§ About this task:
Quote the whole listing verbatim.

──────── Supplied material ────────

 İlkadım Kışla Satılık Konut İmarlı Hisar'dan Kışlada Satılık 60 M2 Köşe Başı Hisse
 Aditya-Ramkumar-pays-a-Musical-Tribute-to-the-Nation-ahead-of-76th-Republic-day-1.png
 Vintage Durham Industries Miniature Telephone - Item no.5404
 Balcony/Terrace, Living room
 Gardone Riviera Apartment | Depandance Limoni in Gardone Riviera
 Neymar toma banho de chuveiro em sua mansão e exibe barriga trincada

────────

§ Response:
 İlkadım Kışla Satılık Konut İmarlı Hisar'dan Kışlada Satılık 60 M2 Köşe Başı Hisse
 Aditya-Ramkumar-pays-a-Musical-Tribute-to-the-Nation-ahead-of-76th-Republic-day-1.png
 Vintage Durham Industries Miniature Telephone - Item no.5404
 Balcony/Terrace, Living room
 Gardone Riviera Apartment | Depandance Limoni in Gardone Riviera
 Neymar toma banho de chuveiro em sua mansão e exibe barriga trincada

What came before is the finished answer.